Task details
What is needed is an exact reproduction of the lines in the records below, starting at the line with "Fusée d'essieu STARK" and ending at the line with "Apartment Rua Benedito", both included, and nothing else; pictures stay out.

Material supplied
= Beginning of Section =
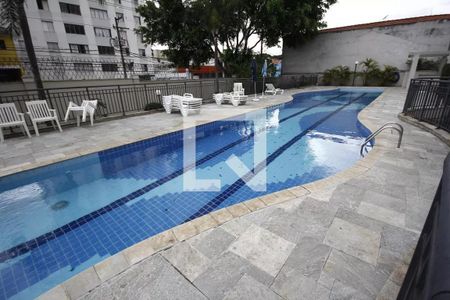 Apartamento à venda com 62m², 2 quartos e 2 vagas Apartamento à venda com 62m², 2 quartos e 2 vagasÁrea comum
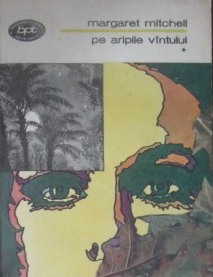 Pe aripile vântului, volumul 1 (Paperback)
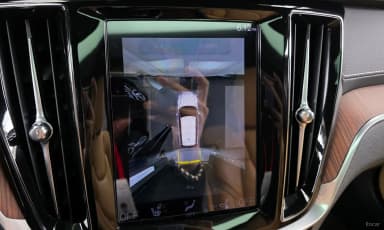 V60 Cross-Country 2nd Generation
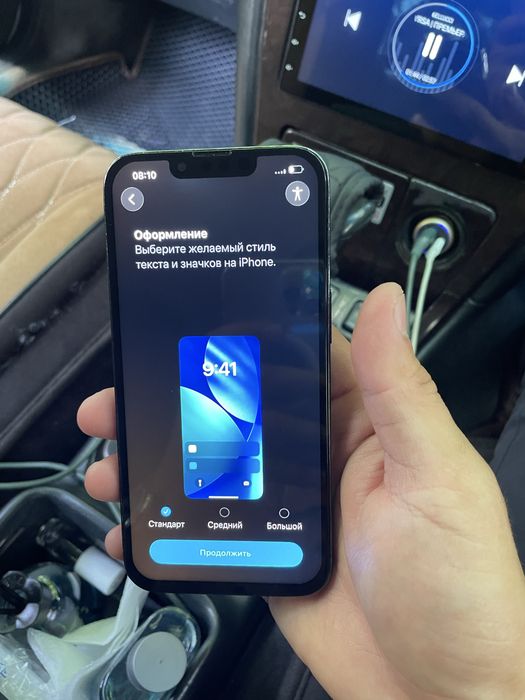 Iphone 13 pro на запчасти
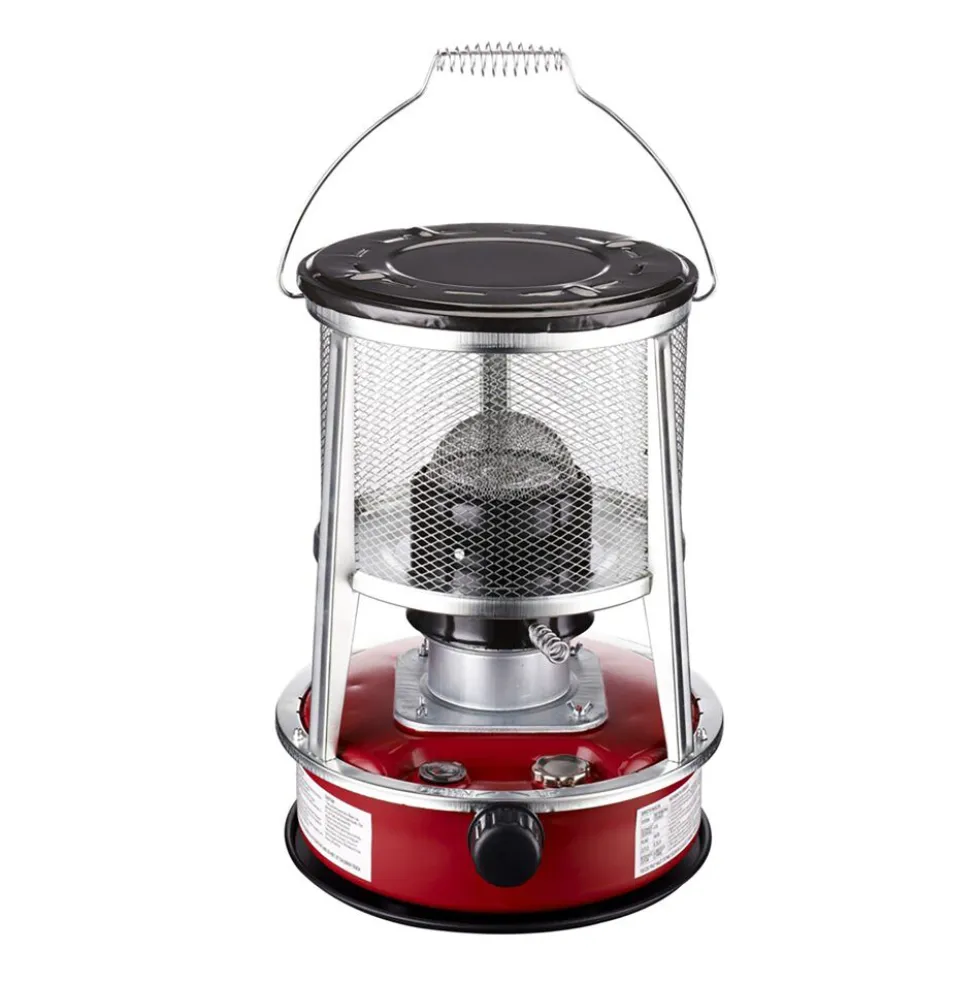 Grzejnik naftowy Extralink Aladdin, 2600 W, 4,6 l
= End of Section =
= Beginning of Section =
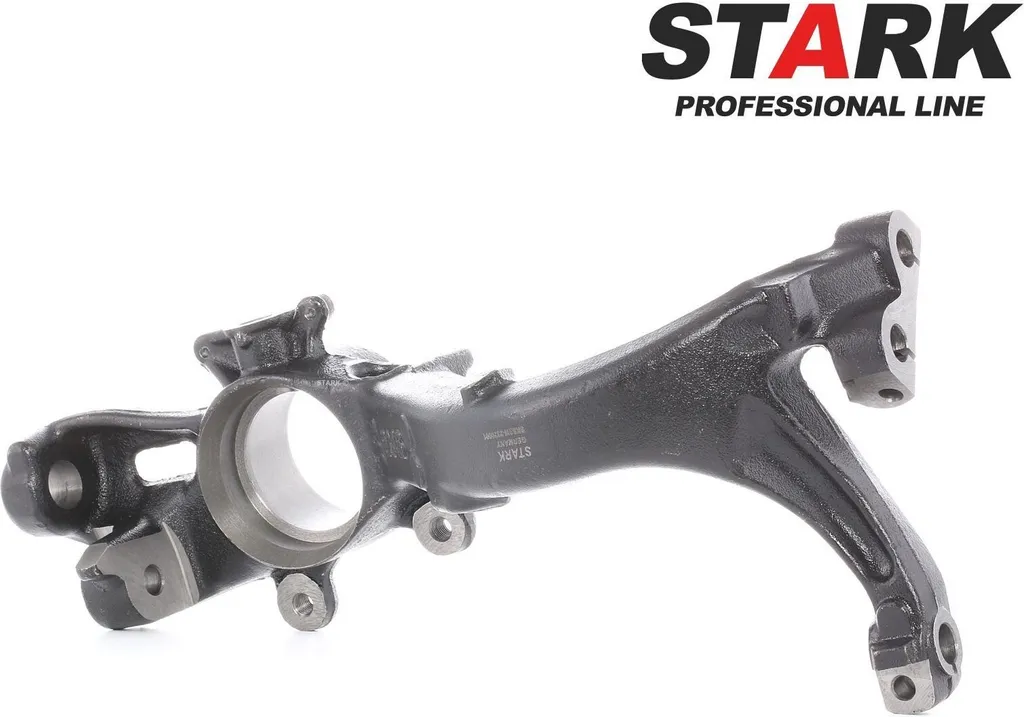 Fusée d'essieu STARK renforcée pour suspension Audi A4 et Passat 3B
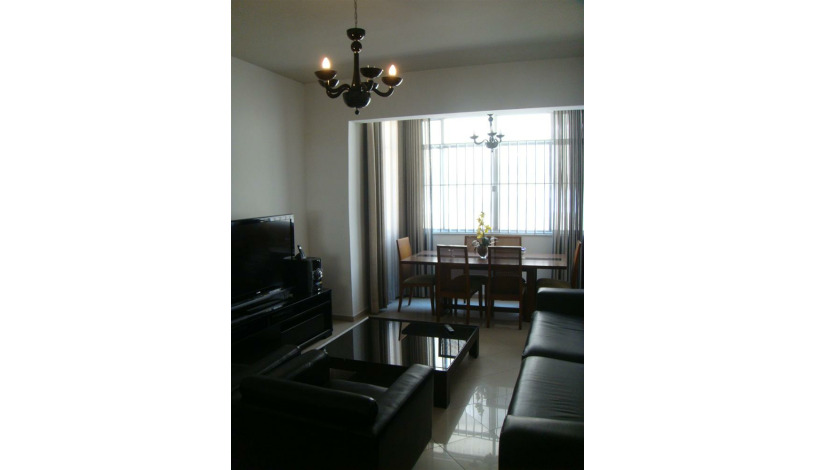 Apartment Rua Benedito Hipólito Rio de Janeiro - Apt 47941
= End of Section =
= Beginning of Section =
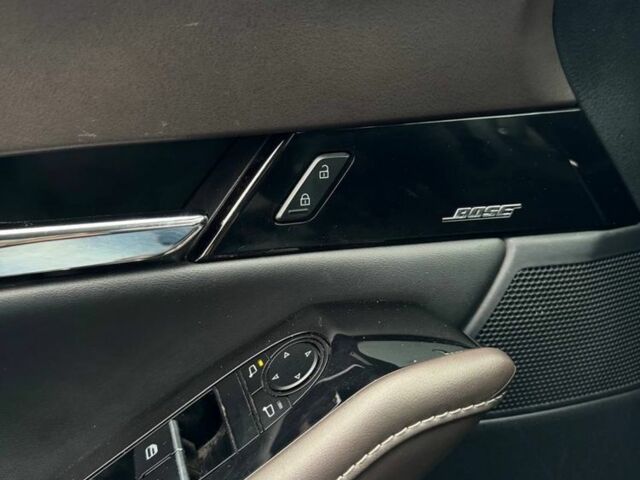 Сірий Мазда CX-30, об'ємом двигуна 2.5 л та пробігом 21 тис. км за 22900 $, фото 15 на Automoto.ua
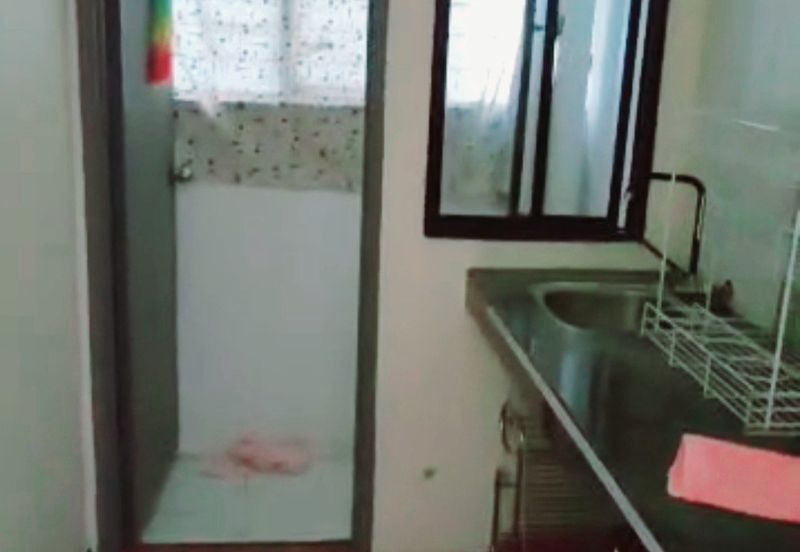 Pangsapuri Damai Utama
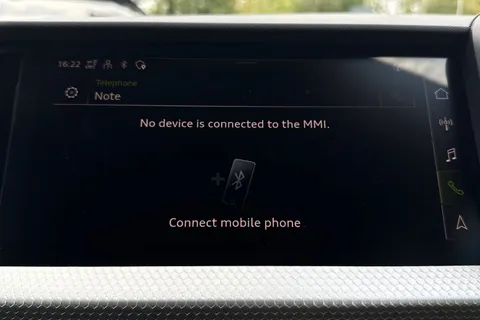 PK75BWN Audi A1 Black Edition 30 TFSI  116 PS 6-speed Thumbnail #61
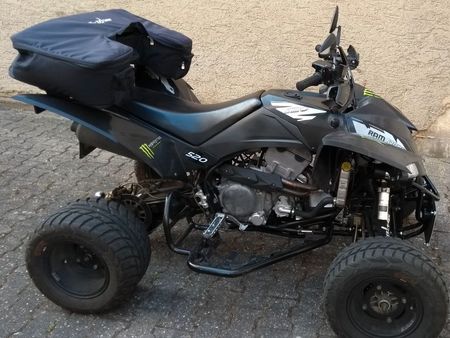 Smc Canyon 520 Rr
= End of Section =
Result
 Fusée d'essieu STARK renforcée pour suspension Audi A4 et Passat 3B
 Apartment Rua Benedito Hipólito Rio de Janeiro - Apt 47941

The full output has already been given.